• ABOUT THIS TASK: Your task is to write out every line of the data exactly. Drop the pictures.

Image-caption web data
════

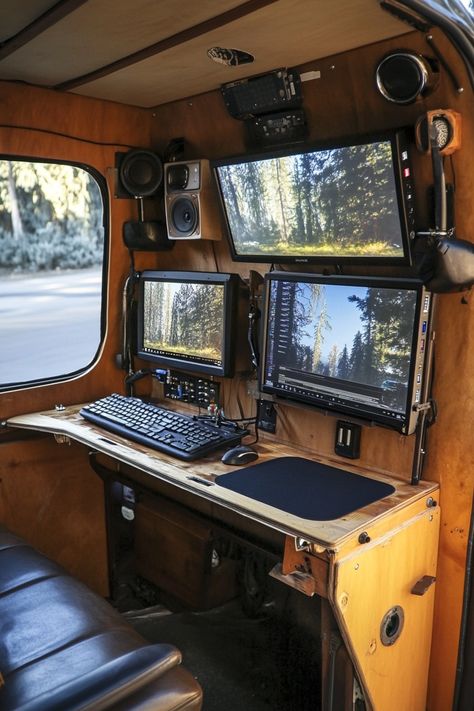 42 Digital Nomad Camper Van Conversion Ideas  Blooming with trends in adaptive lifestyles, an increasing number of modern nomads are swapping traditional living spaces for mobile homes. Are you itching for a taste of wanderlust, filled with a desire to hit the open road while having all creature comforts within arm’s reach? Dive right into our innovative…  Read more: https://tastyinteriors.com/42-digital-nomad-camper-van-conversion-ideas/ Van Living Conversion, Truck Camper Interior, Camper Office, Minivan Conversion, Van Conversion Ideas, Modern Camper, Hippie Camper, Airstream Caravans, School Bus Tiny House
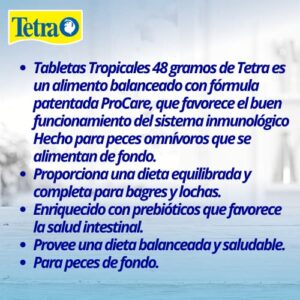 Tetra TetraMin Tropical Tablets 1.69 Ounces, Nutritionally Balanced Fish Food For Bottom Feeders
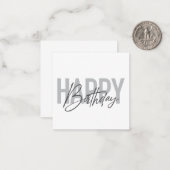 Modern, simple, urban, cool Happy Birthday Notitiekaartje (Voorkant / Achterkant in situ)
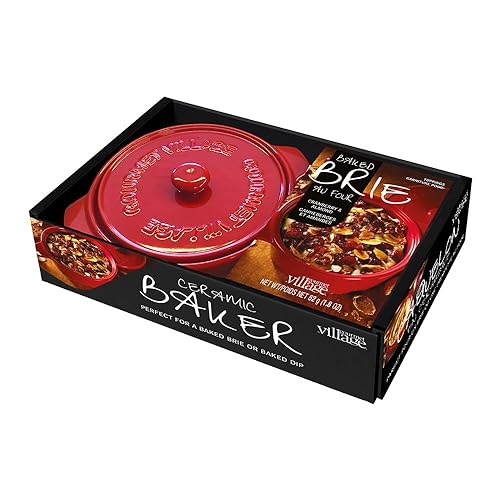 Gourmet du Village, Red Ceramic Brie Baker with Handles Gift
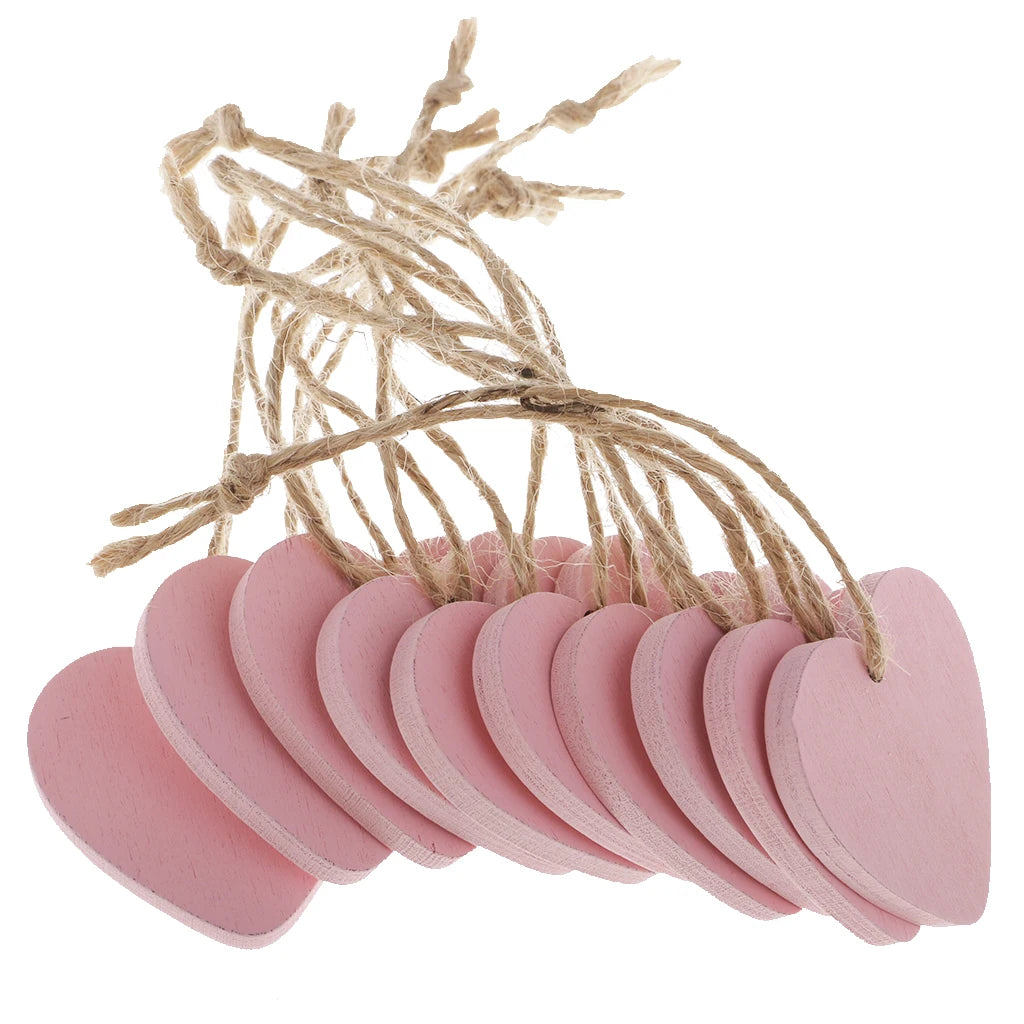 décoration murale coeurs bois blanc rose rouge simple rustique cordons jute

════

• OUTPUT OF THE TASK:
 42 Digital Nomad Camper Van Conversion Ideas  Blooming with trends in adaptive lifestyles, an increasing number of modern nomads are swapping traditional living spaces for mobile homes. Are you itching for a taste of wanderlust, filled with a desire to hit the open road while having all creature comforts within arm’s reach? Dive right into our innovative…  Read more: https://tastyinteriors.com/42-digital-nomad-camper-van-conversion-ideas/ Van Living Conversion, Truck Camper Interior, Camper Office, Minivan Conversion, Van Conversion Ideas, Modern Camper, Hippie Camper, Airstream Caravans, School Bus Tiny House
 Tetra TetraMin Tropical Tablets 1.69 Ounces, Nutritionally Balanced Fish Food For Bottom Feeders
 Modern, simple, urban, cool Happy Birthday Notitiekaartje (Voorkant / Achterkant in situ)
 Gourmet du Village, Red Ceramic Brie Baker with Handles Gift
 décoration murale coeurs bois blanc rose rouge simple rustique cordons jute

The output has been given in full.